-- Records to use --
· · · · · · ·

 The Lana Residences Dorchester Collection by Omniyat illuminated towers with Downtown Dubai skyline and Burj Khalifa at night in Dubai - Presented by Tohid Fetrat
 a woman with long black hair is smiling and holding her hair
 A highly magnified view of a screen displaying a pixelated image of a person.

· · · · · · ·

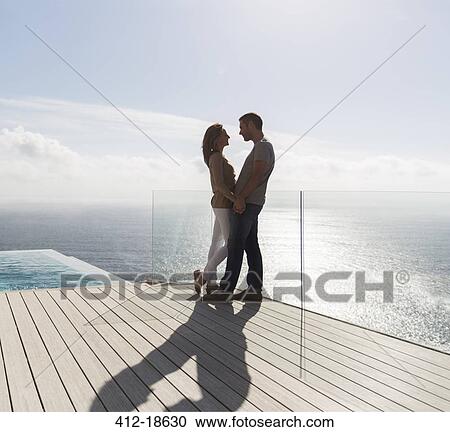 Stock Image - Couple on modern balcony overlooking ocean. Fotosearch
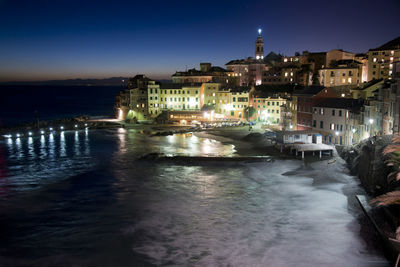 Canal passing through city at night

· · · · · · ·

-- Problem to solve --
Across all of the material above, how many lines contain the word "with"? Only the number should be given.

-- Answer area --
2